In a way it kind of is a pay cut because your expenses would be higher in your new location. It's a move in the right direction though if you want to get into security. I guess it depends on the earnings potential in the new area and how related this new job will be to what your goals are.

Kyrak

I'm in the process of making a lateral move into security at my company right now. Systems Engineer II -> Security Engineer II. Any other company I would probably have to take a pay cut AND come in as a Security Analyst. I say go for it!

UnixGuy

you are more than ready to start an InfoSec role. I would say update your CV and start applying!

TheFORCE

dstock7337 wrote: »

Thank you for the input. I would be responsible for delivering and supporting the endpoint security solutions that the sec department wants deployed. I would be working closely with the security dept leads and also with the teams that support our clients in the field. This would involve testing and troubleshooting with the field. Additionally, the role would involve architecture design and diagramming, documentation, evaluating new product solutions, and contribution to security policies and procedures.

Go for it, I'm currently doing what you just described. My official title is IT security but my manager always refers to the group as Information Security as we are the only team supporting our region.

There's been a shift recently or at least a division within the infosec with the creation of 2 seaprate groups one called information security and the other IT security. With Infosec working mostly of regulations compliance, standards, documentation and policies which then are past down to IT security to implement and push reports up stream to Infosec.

dstock7337

UnixGuy wrote: »

you are more than ready to start an InfoSec role. I would say update your CV and start applying!

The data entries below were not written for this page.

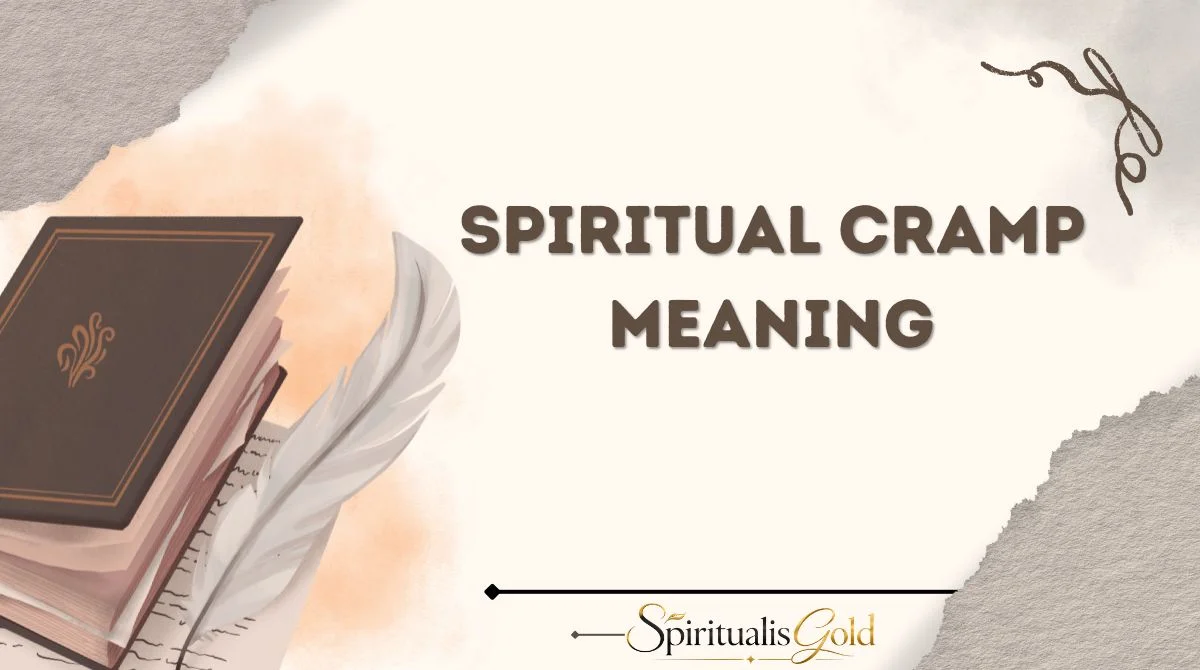 Spiritual Cramp Meaning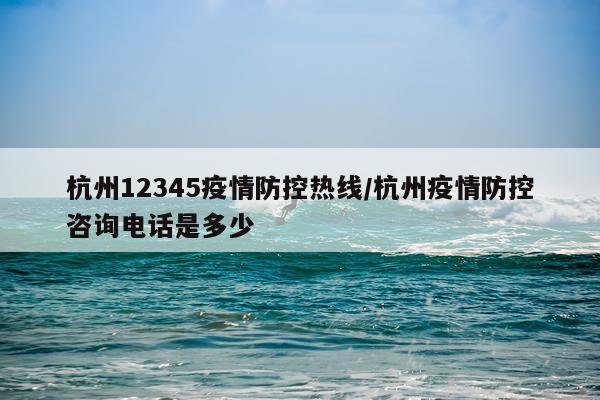 杭州12345疫情防控热线/杭州疫情防控咨询电话是多少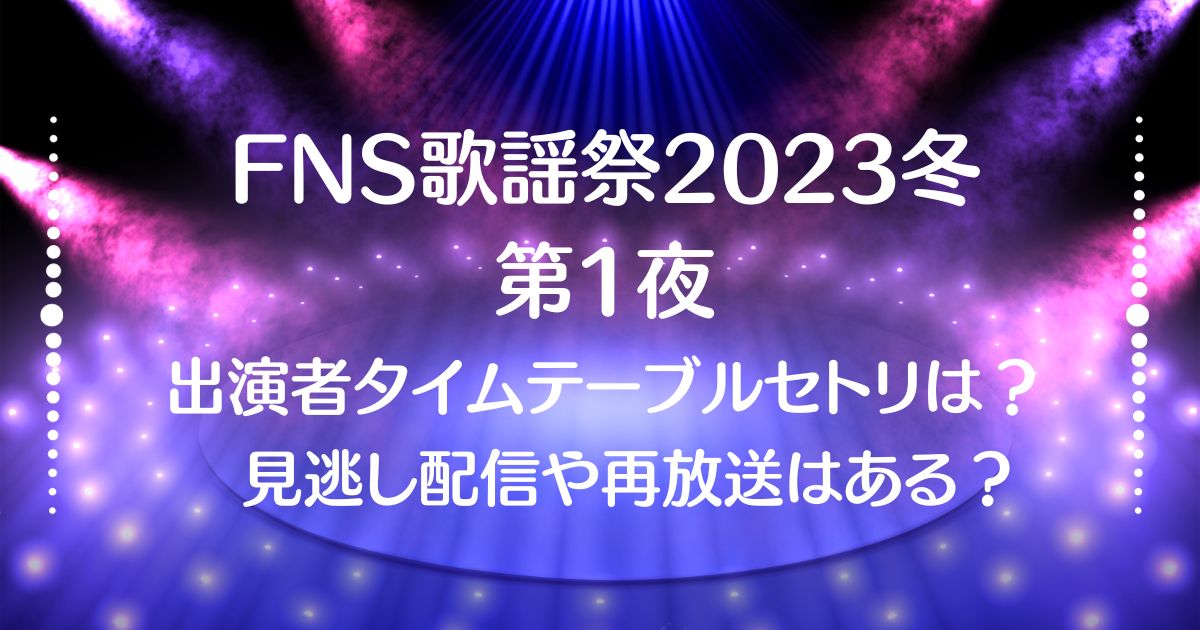 FNS歌謡祭2023冬【第1夜】12/6の出演者とタイムテーブルやセトリは?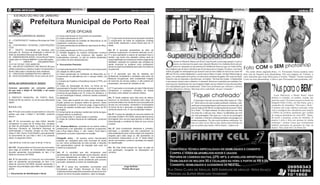 6 ATOS OFICIAIS                                                                                                                                Sexta-feira, 15 de junho de 2012   Sexta-feira, 15 de junho de 2012
                                                                                                                                                                                                                                                                                                                                       geral        3
     ESTADO DO RIO DE JANEIRO

                        Prefeitura Municipal de Porto Real
                                                                                                                                                                                                                                                                          (foto:divulgação)




                                                                  ATOS OFICIAIS
EXTRATO DO CONTRATO Nº. 022/2012                        a) Cópia autenticada do Documento de Identidade;
                                                        b) Cópia autenticada do CPF;                                § 1º O aprovado somente será empossado mediante
01 – CONTRATANTE: Prefeitura Municipal de Porto         c) Cópia autenticada da Certidão de Nascimento ou de        o cumprimento de todas as exigências contidas
Real.                                                   casamento, conforme o caso;                                 neste Edital, obedecido o prazo fixado pelo art. 3º
02 – CONTRATADA: TECNOSUL CONSTRUÇÕES                   d) Copia autenticada de certidão de nascimento de filhos,   deste.
LTDA.                                                   se houver;
03 – OBJETO: Contratação de empresa para                e) Cópia autenticada do PIS ou do PASEP;                    Art. 6º O aprovado apresentará ao setor de
execução de Serviços de ampliação e reforma da          f) Certidão Negativa do Cartório Distribuidor Criminal      medicina ocupacional, os exames descritos no art.
Sede da Secretaria Municipal de Ação Social.
04 – EMBASA/MODALIDADE: Concorrência Publica
regido pela Lei Federal 8666/93 e suas atribuições.
                                                        da Justiça Comum que comprove não registro de
                                                        antecedentes criminais, ou não ter sofrido penalidade
                                                        por prática de atos desabonadores;
                                                                                                                    3º e será submetido a exame de sanidade físico e
                                                                                                                    mental, cujo laudo e/ou atestado médico será de
                                                                                                                    responsabilidade do profissional médico legalmente
                                                                                                                                                                                    Superou bipolaridade
                                                                                                                                                                                  O
05        –       CRÉDITO          ORÇAMENTÁRIO:                                                                    habilitado, realizado em qualquer das unidades de                       namoro de Maurício Mattar com Keiry Costa foi posto à prova logo quando o casal co-


                                                                                                                                                                                                                                                                                                   m e sem photoshop
10.01.04.122.042.1.033 /44905100.                       II - Documentos Pessoais:                                   saúde municipal ou qualquer outro profissional,                         meçou a se relacionar há quatro anos. Quando Maurício viu a bailarina Keiry pela pri-

                                                                                                                                                                                                                                                                                           Foto co
06 – VALOR DO CONTRATO: R$1.584.637,56 (hum                                                                         sendo os mesmos analisados pelo setor de medicina                       meira vez, dançando na casa noturna de Carlinhos de Jesus na Lapa, no Centro do Rio,
milhão quinhentos e oitenta e quatro mil seiscentos e   a) Cópia autenticada do Titulo de Eleitor e do comprovante ocupacional.                                                   não imaginava que ali estava a fortaleza que ele precisava para se reerguer. Na época, o ator havia
trinta e sete reais e cinqüenta e seis centavos).       de votação do último pleito;                                                                                              sofrido um golpe de estelionatários que sacaram mais de meio milhão de reais de sua conta- R$        Na noite desta segunda-feira, 11, Fernanda Souza postou uma
07 – PROCESSO ADMINISTRATIVO: 8662011.                 b) Cópia autenticada do Certificado de Reservista (ou § 1º O aprovado que não for atestado por                            600 mil. Ele teve cartões falsificados e o nome sujo no Banco Central. Até hoje Mattar briga na foto sua de biquíni sem photoshop. Em sua página no Twiiter, a
08 - DATA DA ASSINATURA: 04 de Junho de 2012.           comprovante de adimplência com o serviço militar), se profissional competente e analisado pela setor de                   justiça. Um estelionatário já foi preso e os outros dois continuam foragidos. Por causa da fraude, atriz assumiu que suas fotos para a revista “Shape” foram tratadas.
                                                        homem;                                                      Medicina Ocupacional, será considerado incapaz                Maurício caiu em depressão e descobriu que era bipolar. “Até hoje faço terapia. A bipolaridade Com ou sem photoshop, o fato é que Fernanda está podendo, né?
                                                        c) Carteira de Trabalho e Previdência Social (CTPS), em de exercício do serviço público, e não poderá ser                 é uma doença crônica como a diabetes e o colesterol. Precisa ser controlada com remédios. Du-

Thanks for the feedback. Are you referring to the internal posting or looking outside elsewhere?

dstock7337

ITSec14 wrote: »

In a way it kind of is a pay cut because your expenses would be higher in your new location. It's a move in the right direction though if you want to get into security. I guess it depends on the earnings potential in the new area and how related this new job will be to what your goals are.

Thanks for the reply.

The job role will be very focused on managing and improving endpoint security systems, endpoint compliance reporting, architecture documentation, project planning and presenting,

The roles I have interest in are:
Vulnerability Assessments/Pen Testing
Incident response - investigations
Malware and Attack Research (Intelligence)
Security posture strategy
Ultimately moving into a security architecture/advisory role.

I already create documentation, procedures, RCA write ups, presentations, and technical walk-throughs in my current role.

UnixGuy

dstock7337 wrote: »

Thanks for the feedback. Are you referring to the internal posting or looking outside elsewhere?

Both, I think you are more ready that you give yourself credit for! you have options!

dstock7337

Thanks everyone for the advice. I decided to wait until I finish my Master's this year before starting a new job. They'll be more opportunities later. It'll also give me time to get some additional security certifications and lab work in.